*** Begin section ***

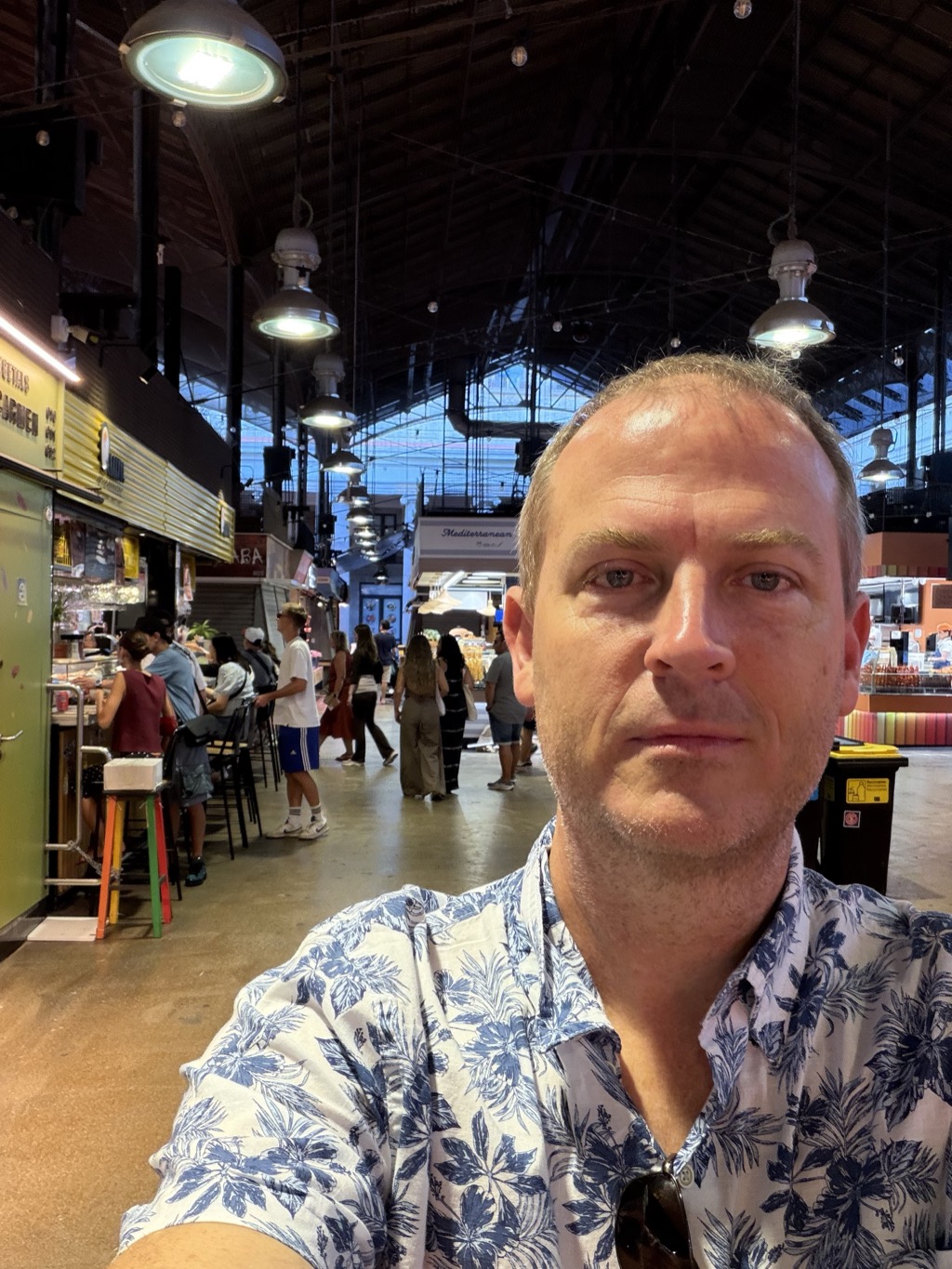 Brian takes a selfie in the aisle of Mercat de la Boqueria, filling the right of the frame. He wears a white short-sleeved shirt printed with large blue-grey leaves and sunglasses hooked on the placket, and looks tired and flushed, not smiling. Behind him the market hall recedes under its arched roof -- pendant lamps on long cords, a stall sign reading Mediterranean, shoppers crossing the polished concrete floor, and diners on brightly coloured stools at a counter to the left. A yellow waste bin stands against the stall at the right.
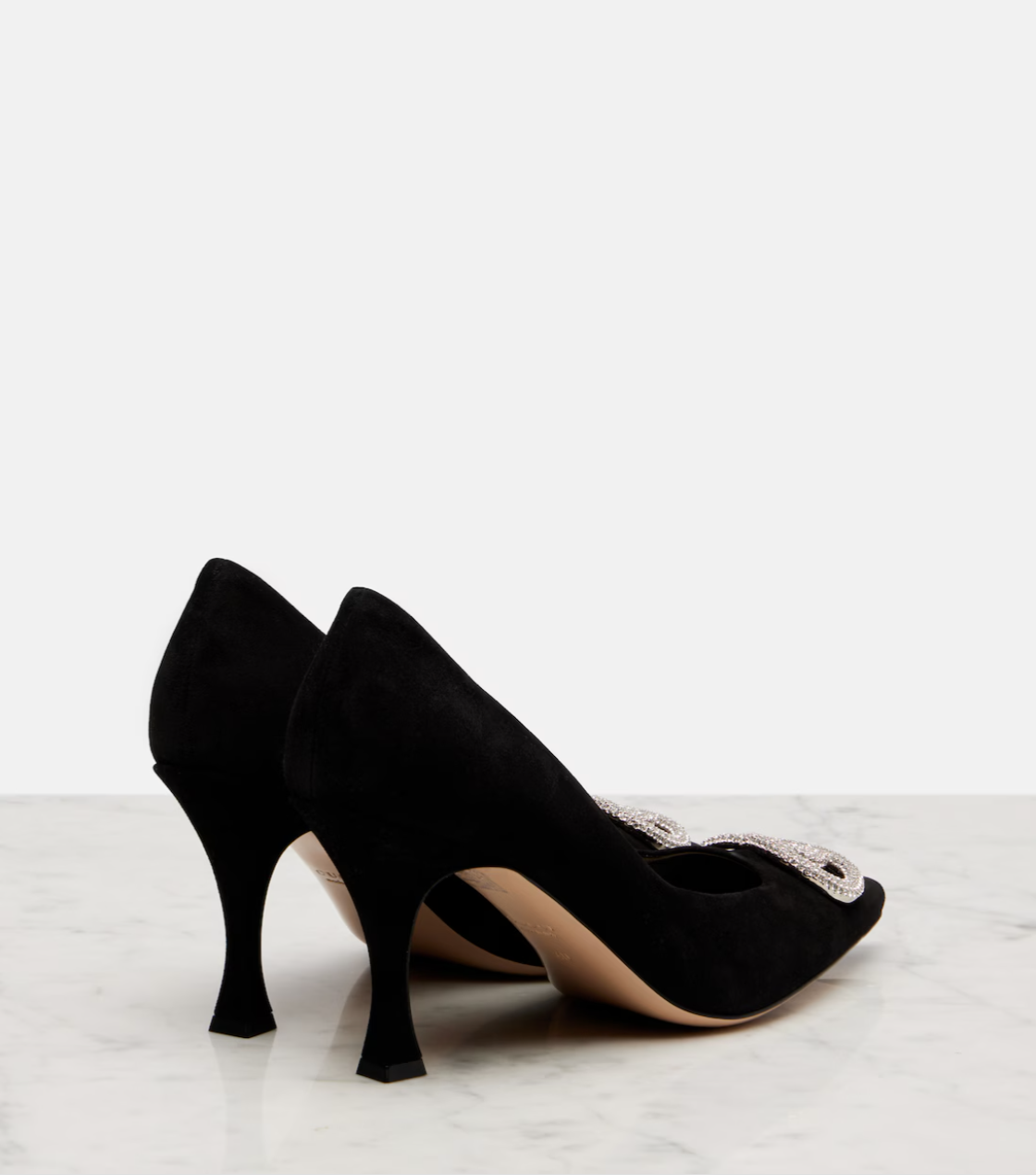 Black high-heeled shoes with decorative elements on a light background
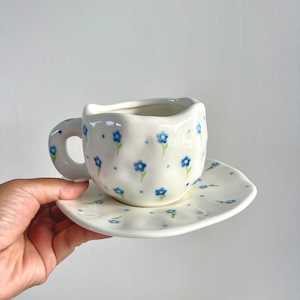 Handmade clay mug - Blue flower with saucer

*** End section ***

EXERCISE OBJECTIVE
Transcribe the whole listing exactly. Pictures stay out of your copy.

EXERCISE SOLUTION
 Brian takes a selfie in the aisle of Mercat de la Boqueria, filling the right of the frame. He wears a white short-sleeved shirt printed with large blue-grey leaves and sunglasses hooked on the placket, and looks tired and flushed, not smiling. Behind him the market hall recedes under its arched roof -- pendant lamps on long cords, a stall sign reading Mediterranean, shoppers crossing the polished concrete floor, and diners on brightly coloured stools at a counter to the left. A yellow waste bin stands against the stall at the right.
 Black high-heeled shoes with decorative elements on a light background
 Handmade clay mug - Blue flower with saucer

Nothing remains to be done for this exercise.